■ Aim of the task ■
Please return only the lines from the one holding "PEVA PE Plastic" through the one holding "Grosir Sports Metal", exactly as they appear in the records below, both ends included.

Records contained in a dataset:
'''
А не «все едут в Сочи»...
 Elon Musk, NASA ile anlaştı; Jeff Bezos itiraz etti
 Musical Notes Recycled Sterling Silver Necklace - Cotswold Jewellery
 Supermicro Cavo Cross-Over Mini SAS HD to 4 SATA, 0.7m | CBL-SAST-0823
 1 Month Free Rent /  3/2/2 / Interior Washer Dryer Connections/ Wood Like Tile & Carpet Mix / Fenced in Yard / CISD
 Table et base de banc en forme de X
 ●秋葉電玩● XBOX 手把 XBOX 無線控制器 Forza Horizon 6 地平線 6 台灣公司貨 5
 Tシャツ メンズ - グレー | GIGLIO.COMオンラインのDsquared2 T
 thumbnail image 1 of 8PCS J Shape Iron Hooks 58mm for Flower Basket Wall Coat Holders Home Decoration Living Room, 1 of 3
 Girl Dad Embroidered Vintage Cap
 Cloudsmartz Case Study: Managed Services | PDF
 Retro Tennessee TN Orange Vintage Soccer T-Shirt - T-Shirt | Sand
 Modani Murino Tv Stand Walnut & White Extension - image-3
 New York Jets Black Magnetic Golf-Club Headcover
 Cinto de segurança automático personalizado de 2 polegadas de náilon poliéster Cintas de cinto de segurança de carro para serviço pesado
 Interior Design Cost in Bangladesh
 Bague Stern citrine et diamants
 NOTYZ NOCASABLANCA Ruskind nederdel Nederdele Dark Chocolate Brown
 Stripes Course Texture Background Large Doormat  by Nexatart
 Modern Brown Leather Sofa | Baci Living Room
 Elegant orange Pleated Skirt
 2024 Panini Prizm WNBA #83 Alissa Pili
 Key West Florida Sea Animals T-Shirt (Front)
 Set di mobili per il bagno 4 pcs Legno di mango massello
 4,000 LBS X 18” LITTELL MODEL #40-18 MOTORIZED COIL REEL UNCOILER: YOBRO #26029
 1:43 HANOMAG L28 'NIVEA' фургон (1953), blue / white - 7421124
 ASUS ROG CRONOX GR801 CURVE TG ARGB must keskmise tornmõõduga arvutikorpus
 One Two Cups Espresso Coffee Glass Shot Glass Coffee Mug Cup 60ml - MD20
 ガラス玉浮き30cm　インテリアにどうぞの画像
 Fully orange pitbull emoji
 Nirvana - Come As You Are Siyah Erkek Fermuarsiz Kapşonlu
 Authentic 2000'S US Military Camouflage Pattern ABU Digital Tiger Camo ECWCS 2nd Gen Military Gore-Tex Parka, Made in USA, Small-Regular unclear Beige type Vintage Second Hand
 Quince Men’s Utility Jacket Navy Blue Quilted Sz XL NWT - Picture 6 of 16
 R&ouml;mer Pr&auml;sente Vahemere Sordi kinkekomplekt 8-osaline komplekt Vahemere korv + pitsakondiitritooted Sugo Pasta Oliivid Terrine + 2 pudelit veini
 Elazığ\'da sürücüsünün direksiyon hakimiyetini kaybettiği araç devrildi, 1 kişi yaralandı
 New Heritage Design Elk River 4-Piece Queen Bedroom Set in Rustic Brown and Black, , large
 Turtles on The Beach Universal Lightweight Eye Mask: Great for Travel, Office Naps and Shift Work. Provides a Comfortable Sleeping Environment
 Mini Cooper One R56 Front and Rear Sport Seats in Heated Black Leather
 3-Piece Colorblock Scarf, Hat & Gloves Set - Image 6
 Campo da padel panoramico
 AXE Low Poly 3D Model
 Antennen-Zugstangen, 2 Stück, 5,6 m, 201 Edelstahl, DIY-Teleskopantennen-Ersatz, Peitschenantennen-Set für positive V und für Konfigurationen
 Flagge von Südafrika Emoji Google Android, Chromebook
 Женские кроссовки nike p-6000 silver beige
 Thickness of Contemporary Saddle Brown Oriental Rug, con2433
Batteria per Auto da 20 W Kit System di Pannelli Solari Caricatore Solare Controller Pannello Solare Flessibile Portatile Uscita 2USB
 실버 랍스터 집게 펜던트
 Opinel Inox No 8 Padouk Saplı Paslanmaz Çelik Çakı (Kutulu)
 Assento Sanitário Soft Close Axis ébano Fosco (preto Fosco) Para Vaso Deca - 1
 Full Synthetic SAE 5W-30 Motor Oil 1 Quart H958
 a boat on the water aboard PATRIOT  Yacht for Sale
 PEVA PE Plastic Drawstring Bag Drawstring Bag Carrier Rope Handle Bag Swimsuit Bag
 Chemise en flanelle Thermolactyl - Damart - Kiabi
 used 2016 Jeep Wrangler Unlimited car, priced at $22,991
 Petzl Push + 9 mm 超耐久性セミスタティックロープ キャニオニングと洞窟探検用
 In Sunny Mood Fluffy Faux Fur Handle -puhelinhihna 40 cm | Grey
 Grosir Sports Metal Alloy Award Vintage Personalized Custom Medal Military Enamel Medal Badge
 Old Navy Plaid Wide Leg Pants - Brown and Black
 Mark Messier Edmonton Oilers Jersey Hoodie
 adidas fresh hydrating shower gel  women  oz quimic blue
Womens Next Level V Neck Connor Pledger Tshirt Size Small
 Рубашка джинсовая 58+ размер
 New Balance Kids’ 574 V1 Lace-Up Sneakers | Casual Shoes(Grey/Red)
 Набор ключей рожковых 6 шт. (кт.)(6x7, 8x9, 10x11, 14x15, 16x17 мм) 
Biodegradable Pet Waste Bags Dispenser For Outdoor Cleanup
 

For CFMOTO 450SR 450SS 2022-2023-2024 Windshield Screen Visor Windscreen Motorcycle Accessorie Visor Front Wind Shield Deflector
'''
■ Answer to this task ■
 PEVA PE Plastic Drawstring Bag Drawstring Bag Carrier Rope Handle Bag Swimsuit Bag
 Chemise en flanelle Thermolactyl - Damart - Kiabi
 used 2016 Jeep Wrangler Unlimited car, priced at $22,991
 Petzl Push + 9 mm 超耐久性セミスタティックロープ キャニオニングと洞窟探検用
 In Sunny Mood Fluffy Faux Fur Handle -puhelinhihna 40 cm | Grey
 Grosir Sports Metal Alloy Award Vintage Personalized Custom Medal Military Enamel Medal Badge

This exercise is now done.